Nobody can tell you whether the world’s most-deployed time-series similarity kernel survives a trillion ticks at fp32, on hardware with no fp64 unit — the question has no published answer. The primitive underneath is a sliding-window inner product carried forward one product at a time; it ships as the matrix profile, the engine behind motif discovery, discord detection, and a long line of anomaly-mining systems, across thirty-one papers in its canonical series, MP-I through MP-XXXI. None of them carries a forward-error analysis of the streaming recurrence the deployed kernels actually run. So I did the math, and I started by reading the shipped code.
The kernel everyone ships
The streaming kernel maintains a sliding-window inner product per row with a rank-one subtract–add update: one operand pair leaves the window, one enters, and the cached value from the previous tick is updated in place.
# the streaming update, schematically
qt = qt_prev - leaving_a * leaving_b + entering_a * entering_bThat reuse is the whole story. Every tick commits a rounding error into the accumulator, and because tomorrow’s value is computed from today’s, the error never leaves. The carry chain grows with the stream.

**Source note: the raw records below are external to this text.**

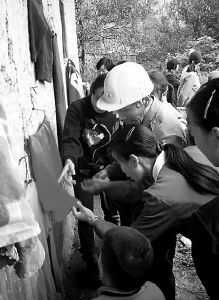 70-80年代；重庆梅湾村的居民的衣服莫名其妙的破洞，此案至今未找到合理的解释，被称为衣服百慕大134 / 作者:UFO来啦 / 帖子ID:61248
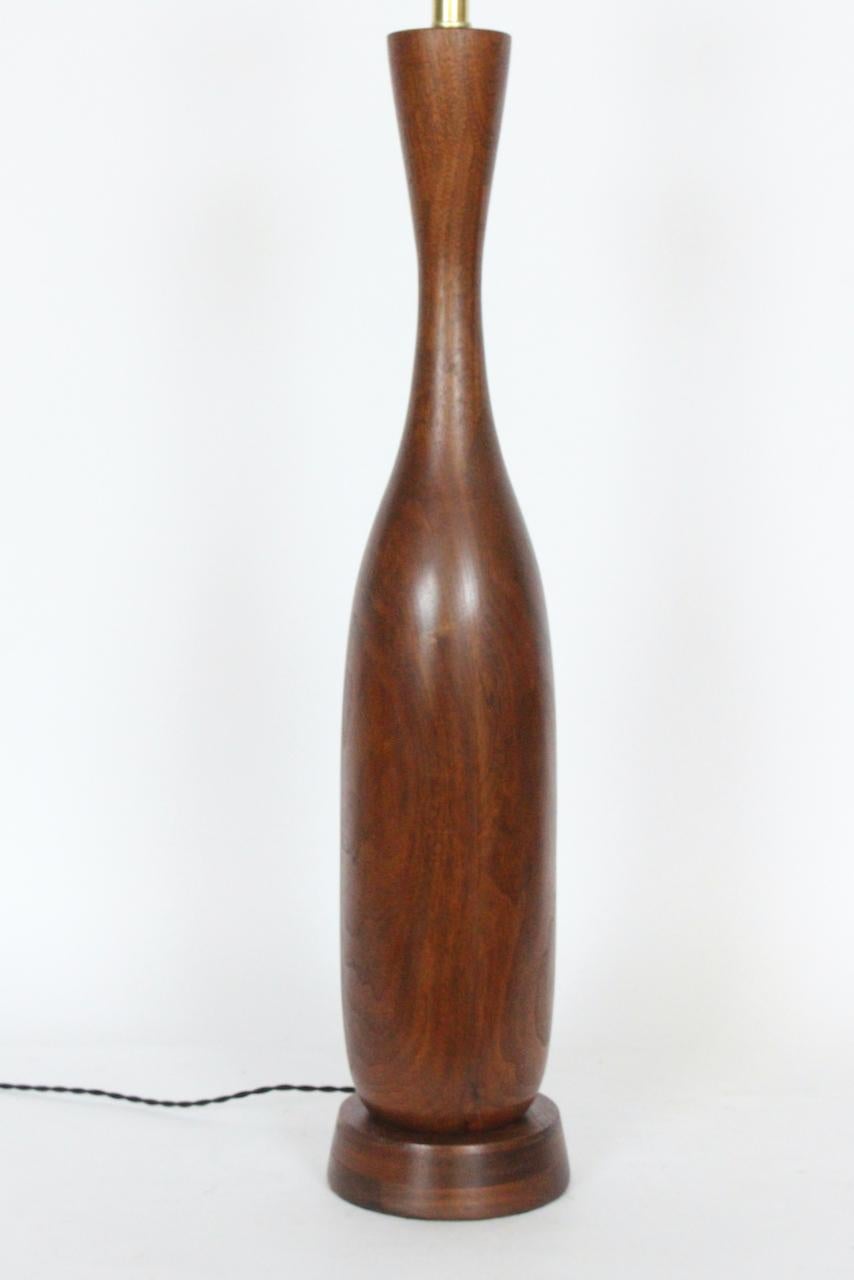 Substantial New Hope School Solid Walnut Table Lamp, circa 1960 For Sale 4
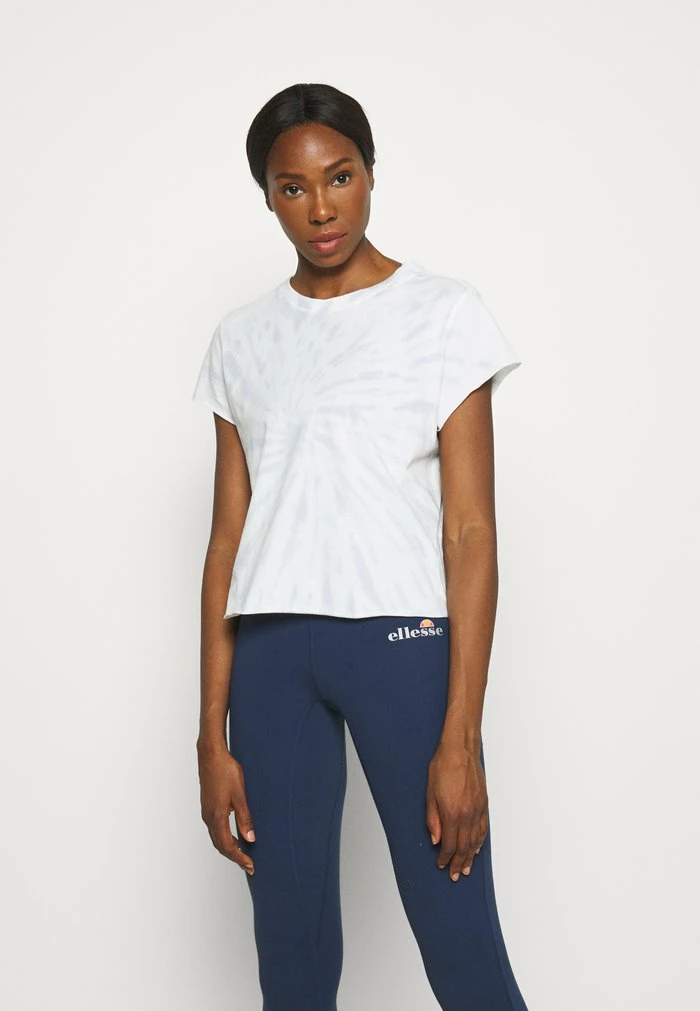 DKNY SPIRAL TIE DYE SHORT SLEEVE BOXY TEE - Print T-shirt - Pale Blue 3 DKNY SPIRAL TIE DYE SHORT SLEEVE BOXY TEE - Print T-shirt - Pale Blue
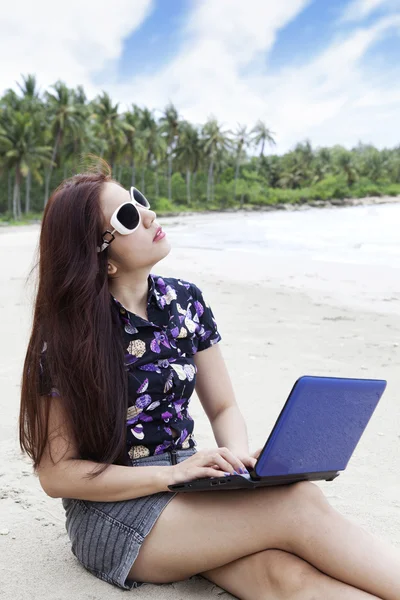 Mulher de negócios casual trabalhando na praia — Fotografia de Stock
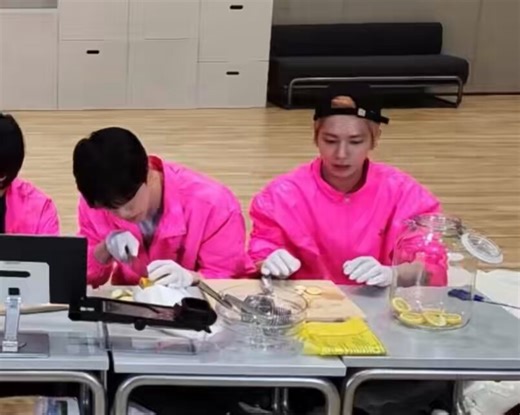 the difference between how soobin and taehyun cut lemons taehyun does it quickly and with precision while soobin takes his time just to cut them badly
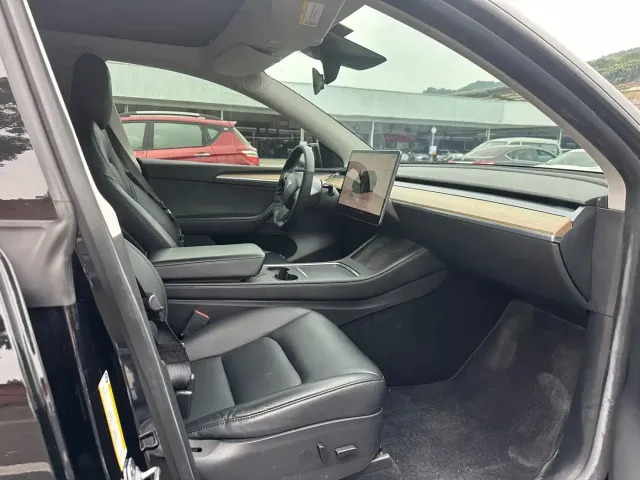 Tesla Model Y — Фото автомобиля 7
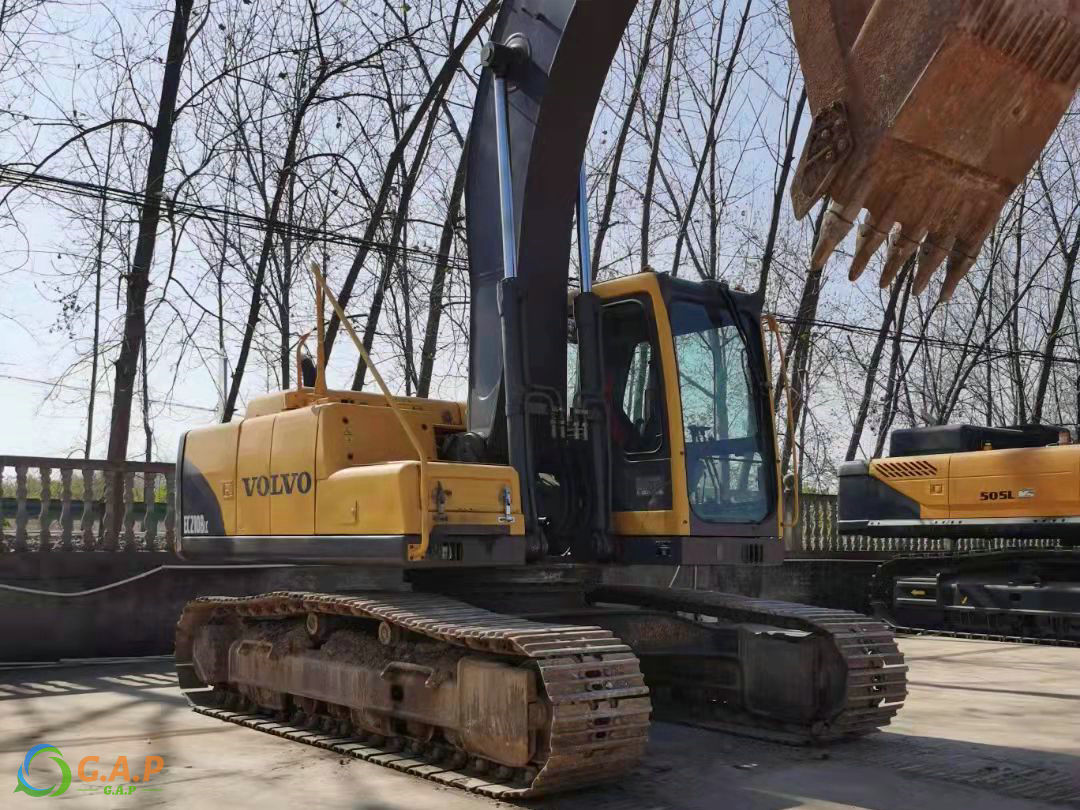 Volvo EC210BLC excavator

I audited the deployed implementations at their public release tags to see who actually carries this chain. stumpy@v1.13.0 carries the recurrence indefinitely with only a single per-tick head refresh. go-matrixprofile@v0.2.0 goes to the other extreme and recomputes a full FFT every tick. SCAMP@v4.0.3 and matrixprofile@v1.1.10 are batch-only — no streaming carry at all. Every implementation sits at an extreme; none occupies the middle ground of a periodic full-state reseed, which is the regime the analysis ends up recommending.
data table
| implementation | release tag | kernel class |
|---|---|---|
| stumpy | v1.13.0 | streaming carry, kept indefinitely |
| SCAMP | v4.0.3 | batch, per-tile, no carry |
| matrixprofile | v1.1.10 | batch, diagonal sampling |
| go-matrixprofile | v0.2.0 | full FFT recompute per tick |
What linear drift looks like
I ran the recurrence as a single unbroken carry chain across stream lengths N = 2¹³ to 2²⁴ — past 16.7 million ticks — against a 128-bit MPFR reference oracle (~38 decimal digits), over seven synthetic corpora, 30 seeds each, three accumulator strategies, two precisions. On the cleanest corpus in the sweep — a deterministic linear-congruential walk, which adds no rounding of its own above the accumulator — the naive f64 accumulator climbs roughly 3.8 decades, from 1.75×10⁻¹⁰ to 1.08×10⁻⁶, tracing the predicted O(N·u) envelope. Compensated Kahan–Babuška–Neumaier (KBN) at f64 holds the same chain near the oracle floor — never above 7.5×10⁻⁹. Ogita–Rump–Oishi at f64 is correctly rounded on this corpus: drift identically zero, off the log axis.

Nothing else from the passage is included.